Atalay, Türk Metal Sendikasının gücünden bahsederek, şunları söyledi:
Haftaya perşembe günü 1 Mayıs İşçi Bayramı, Türkiye´nin her yerinde olduğu gibi ana merkezi Tük-İş´in Kadıköy. Türk-İş´in bünyesi ve yapısına göre Türkiye´nin her yeri Taksim. Taksim diye bir takıntımız yok. Ama kim nerde istiyorsa orada kutlasın. Ama Türk-İş üyesinin şöyle bir yapısı var. Müsaade almadan bu kutlamaları yapmak Türk-İş´in yapısı buna müsait değil. Polis arkadaşlarımızın yüzde 95´i işçi ve memur çocuğu. Geçen gün bir işçi kardeşimiz mektup yazmış. ´Ne olur başkanım. Bizim evlatlarımızla sürtüşmeden müsaade alınan bir alanda bunu kutlayın.´ Biz dün de öyle yaptık. Bugün de öyle yapacağız. İnşallah perşembe günü de öyle yapacağız.
Atalay, TBMMde işçi kesiminin ise çok az oranda temsil edildiğinin altını çizdi.
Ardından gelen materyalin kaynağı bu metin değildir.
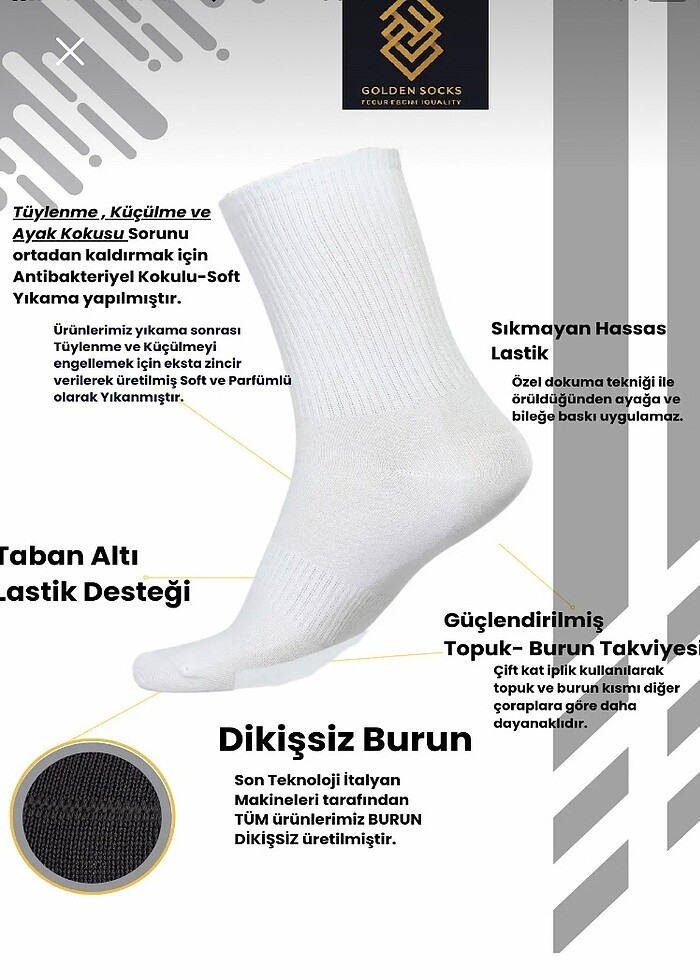 Kutulu Kalpli Kolej Çorabı 6?lı - Görsel 5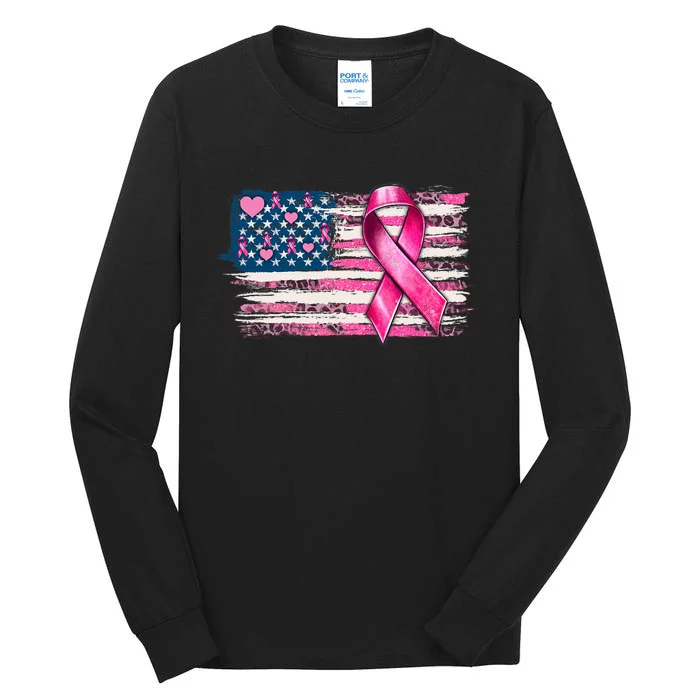 American Flag Pink Ribbon Breast Cancer Awareness Warriors Tall Long Sleeve T-Shirt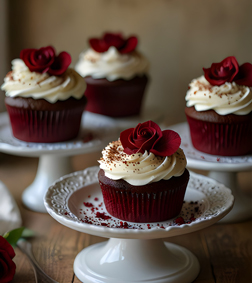 Red Velvet Rose Cupcakes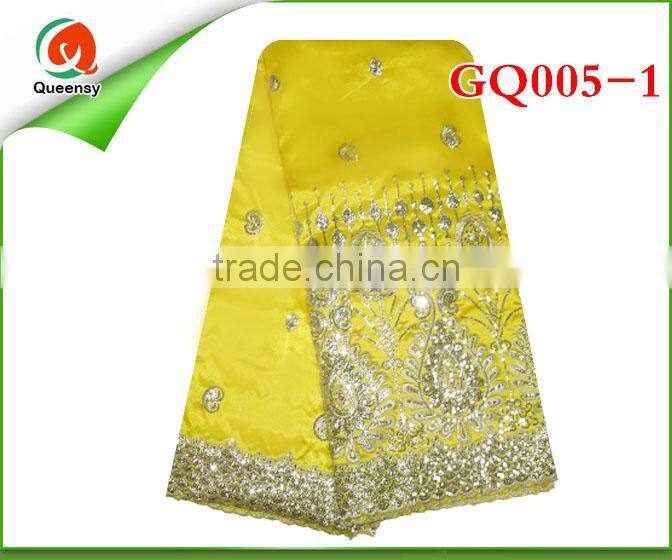 GQ005-3Latest design raw silk embroidery African Georgegeorge fabric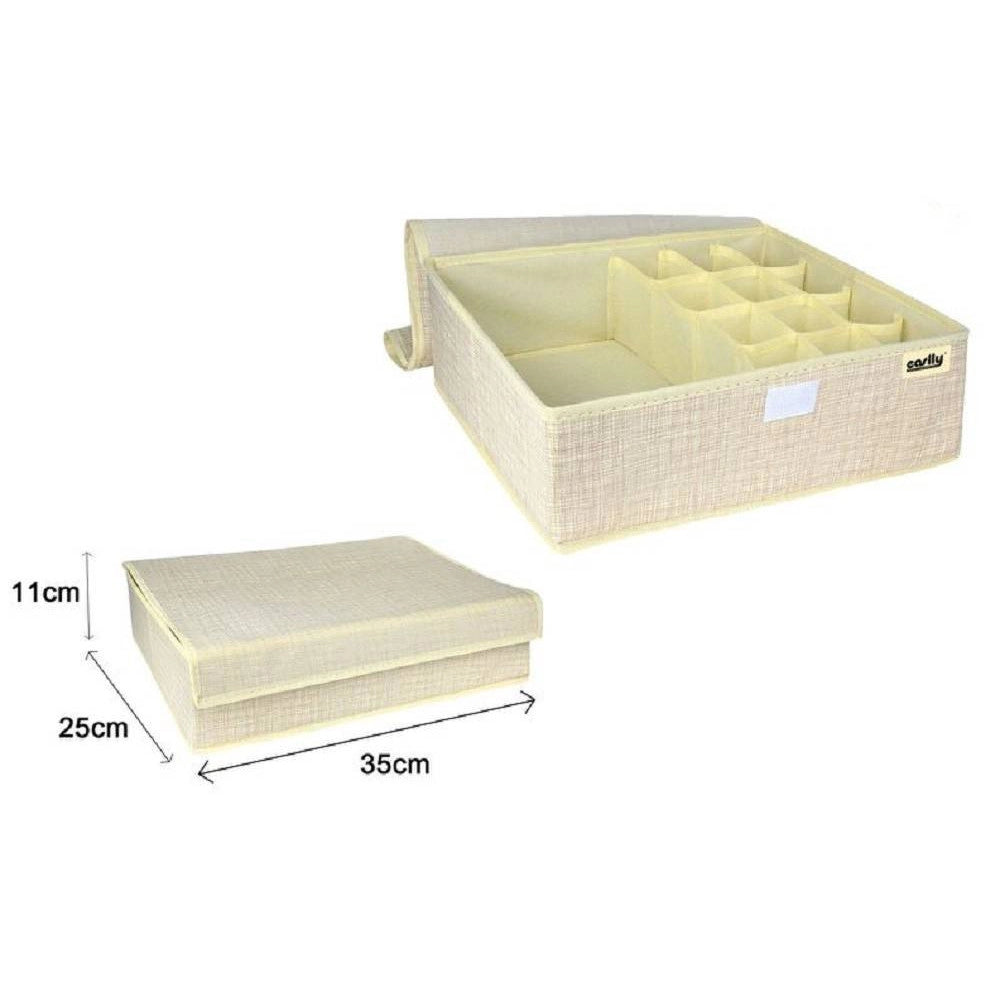 Trade Shop - Portaoggetti Tessuto Organizer Contenitore Biancheria 13 Posti 35x25x11cm 69721 -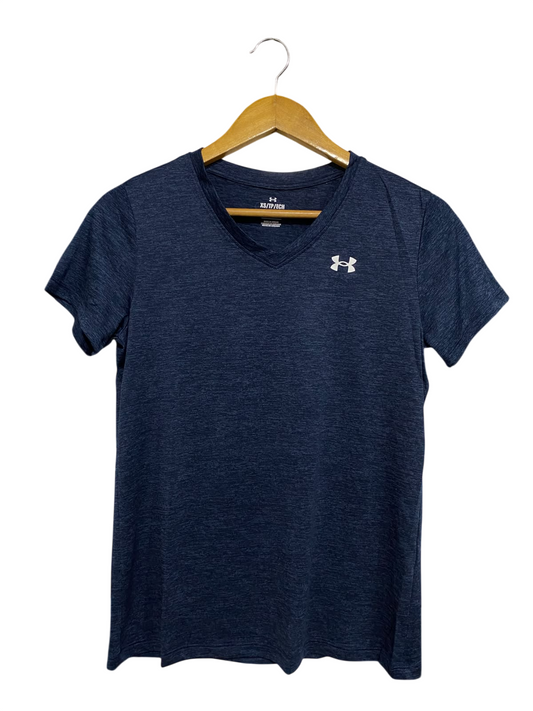 UNDER ARMOUR |XS| BUST 17| A66| NAVY BLUE HEATHERED V-NECK  T-SHIRT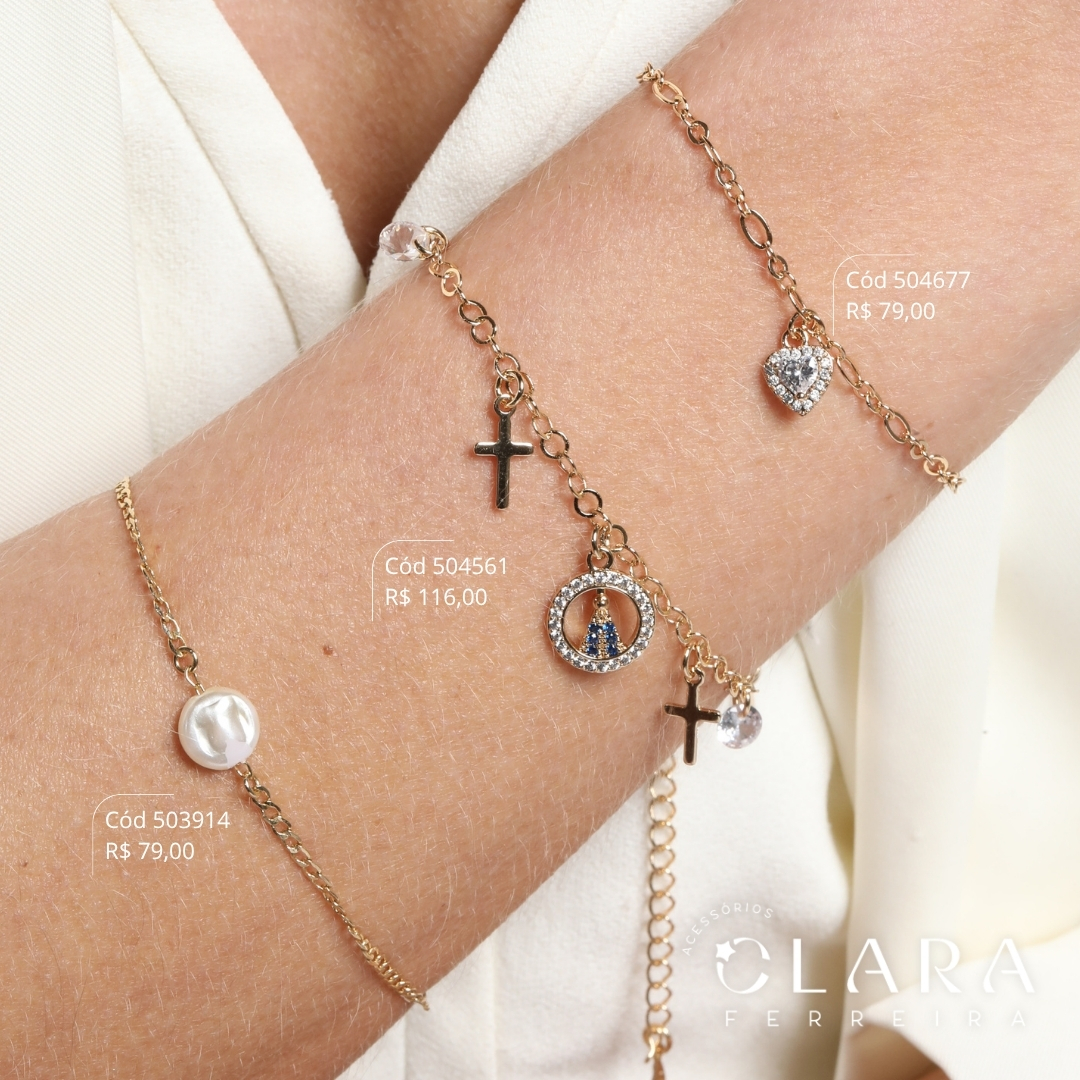 PULSEIRA ELOS CADEADO REDONDOS C/ MANDALA NOSSA SENHORA MANTO MICROZIRCÔNIAS AZUL ADORNADA MICROZIRCÔNIAS 2 CRUZES LISAS E 2 ZIRCÔNIAS PENDURADAS - 17CM - Dourado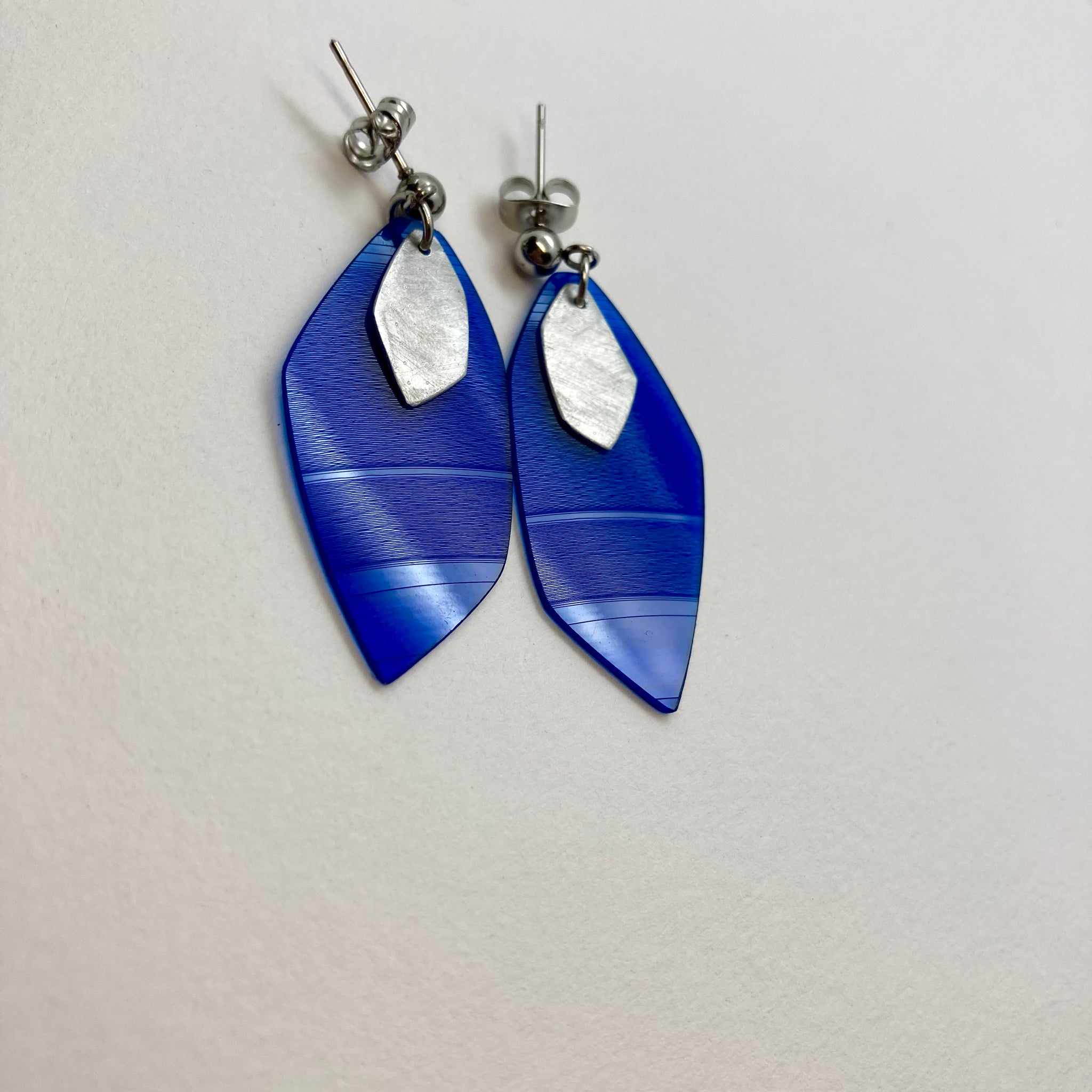 Blue steel earrings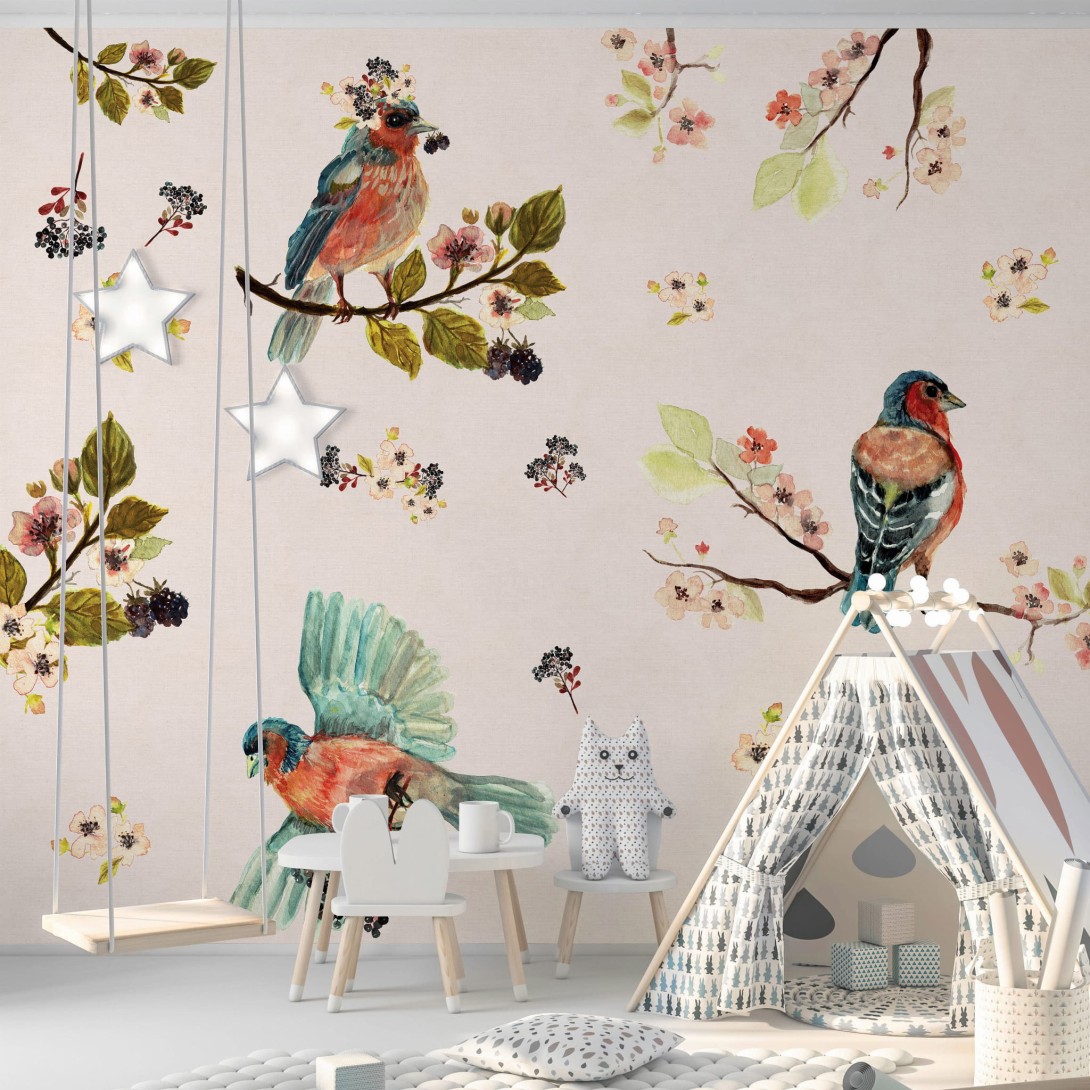 Wall Art Uccello Cantante Pink - mural ptaki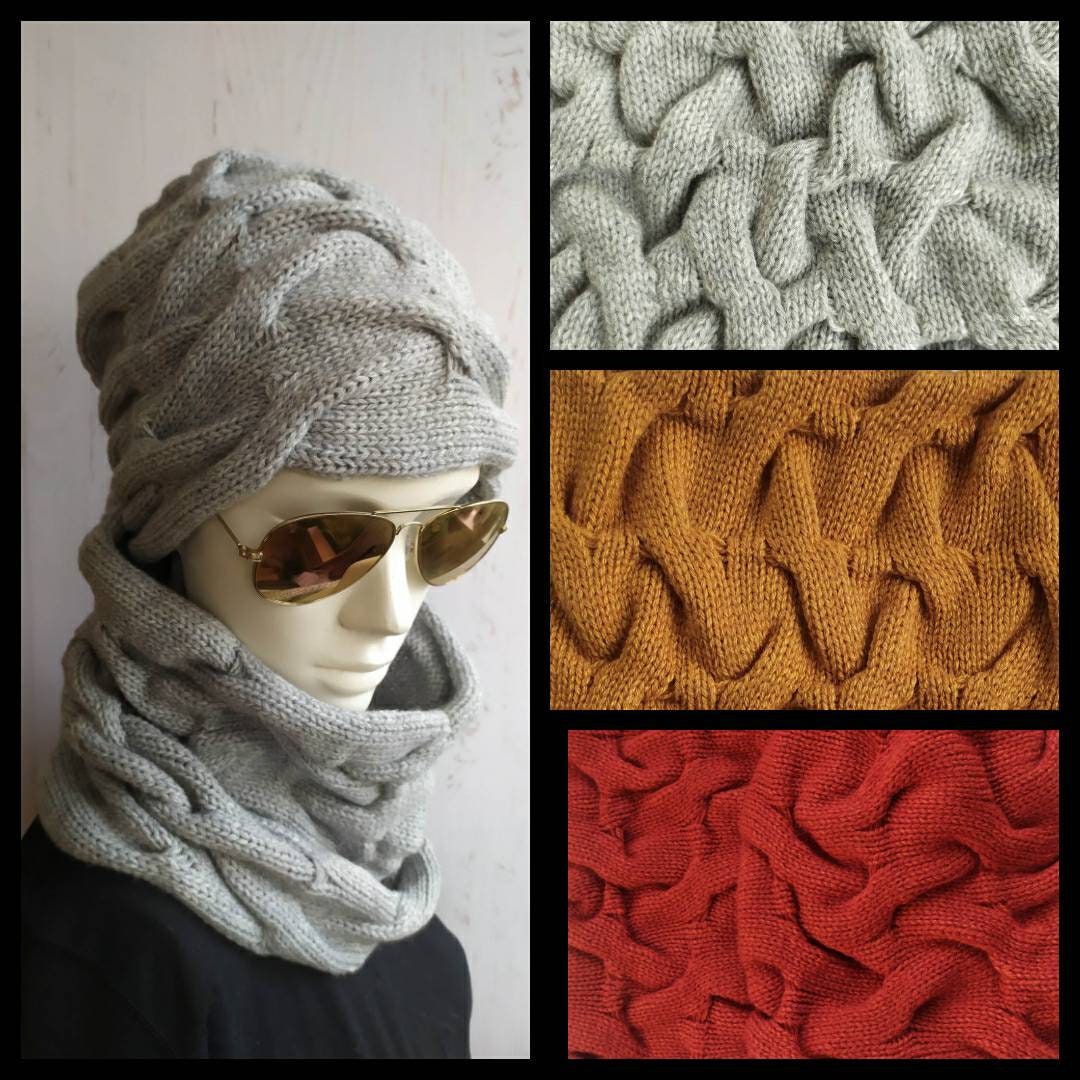 LIGHT GRAY Elegant Knit Set Hat and Scarf Snood Gray Warm Wool Beanie ...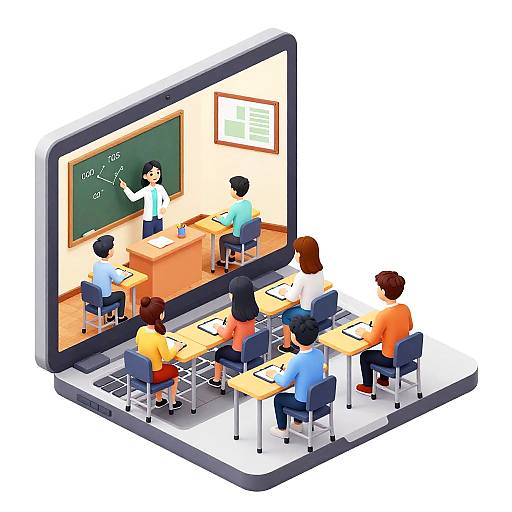 Isometric Virtual Classroom Illustration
Erdemir Genel Müdürü Sedat Orhan, Alaplı Belediye Başkanı Nuri Tekin, Genel Maden İşçileri Sendikası (GMİS) Genel Başkanı Eyüp Alabaş, Türk Metal Sendikası Karadeniz Ereğli Şube Başkanı Yusuf Ziya Odabaş, GMİS Genel Merkez yöneticileri, Gülüç Belediye Başkanı Gökhan Demirtaş, GMİS Armutçuk Şube Başkanı İsa Mutlu, Uludağ Üniversitesi başta olmak üzere çeşitli üniversitelerden öğretim görevlileri, üniversitelerin öğrencileri ile bir grup Erdemir işçisinin katıldığı Kurultayın ilk oturumu konuşmaların ardından başladı.
Büyük Anadolu Ereğli Hotelde başlayan Kurultay 3 gün sürecek. Bu süre içinde Kurultaya katılan konuklar çeşitli gezi ve ziyaretlere katılacaklar.